On Monday, the New York Times reported that Clinton used a personal email account for government communications during her time as secretary of state between 2009 and 2013 and, in doing so, "may have violated federal requirements that officials' correspondence be retained as part of the agency's record."
The reporting surrounding this story suggests that Clinton made a deliberate calculation in 2009 that the criticism she would ultimately face for using a personal account would be more favorable than the alternative — namely, having the entirety of her email correspondence entered into the record and subject to scrutiny by Congress and the press.
The case against Clinton: As the New York Times reported, Clinton never had an official State Department email address in the first place. She wasn't mixing personal and professional emails — she didn't have a professional account at all.
"It is very difficult to conceive of a scenario — short of nuclear winter — where an agency would be justified in allowing its cabinet-level head officer to solely use a private email communications channel for the conduct of government business," lawyer Jason R. Baron told the New York Times.
The Washington Post pointed out that the domain name Clinton used for her personal email — clintonemail.com — was registered on the same day as her Senate confirmation hearing in 2009, suggesting that she fully intended to bypass the State Department's email system for conducting official business from the get-go.
The most charitable interpretation proposes that Clinton used a personal email address solely as a matter of convenience, that bypassing the clunky federal IT infrastructure was a way to do her job more effectively. "At the time, State Department policy would not have allowed her to have multiple email addresses on her Blackberry," Business Insider reported, citing two anonymous former State Department officials.

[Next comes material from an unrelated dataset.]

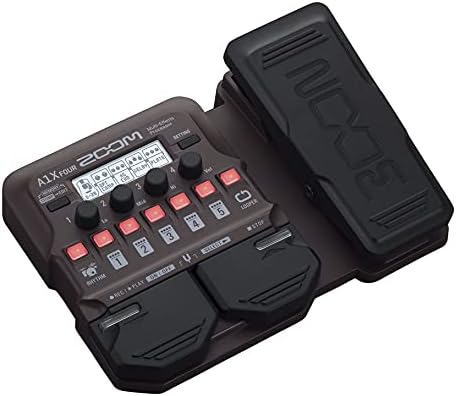 Zoom A1X FOUR Acoustic Guitar Multi-Effects Pedal Single, Single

But that explanation doesn't stand up very well to scrutiny. Even if Clinton simply did prefer to use a personal email address as a practical matter, this carried the added benefit of skirting transparency measures and automatic archiving systems.
In 2013, when hacked emails revealed the existence of Clinton's account, Gawker filed a Freedom of Information Act request with the State Department for "all correspondence, electronic or otherwise," between Clinton and Sidney Blumenthal, a longtime Clinton confidante. They were told that none existed, which was, as Gawker notes, "exactly why Clinton used a non-State Department email server to conduct her official business."

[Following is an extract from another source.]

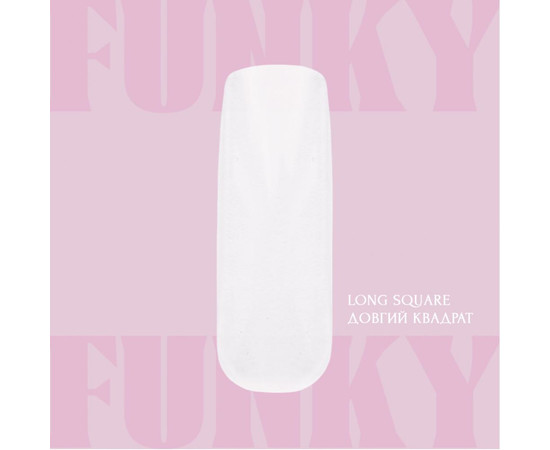 Зображення 2 Гелеві типси для нарощування ADORE prof. Funky Gel Nail Tips 240шт - long square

Gawker also reported on Tuesday that two other Clinton aides used personal accounts to conduct State Department business as well, undercutting Clinton's claim that her use was a personal preference.
Clinton's defenders have offered a tortured rationale to explain her behavior. "Both the letter and spirit of the rules permitted State Department officials to use non-government email, as long as appropriate records were preserved," Clinton spokesman Nick Merrill said in a statement. "When the department asked former secretaries last year for help ensuring their emails were in fact retained, we immediately said yes."
What this says about Clinton: Chris Cilizza writes in the Washington Post that the email revelation "reminds and reinforces for people many of the traits that they do not like in the Clintons while also suggesting a level of hubris that is very dangerous for someone who is the biggest non-incumbent frontrunner for a presidential nomination in modern political history."
The deliberate nature by which Clinton actively avoided using an official State Department account only bolsters the types of criticism that have been leveled at her throughout her time in public life. Episodes like this fuel the perception that Clinton is overly secretive, paranoid to a fault and willing to bend or discard the rules to get her way.
Judging by her willingness to skirt the normal processes from the start of her tenure as secretary of state, Clinton doesn't seem too bothered by the criticism.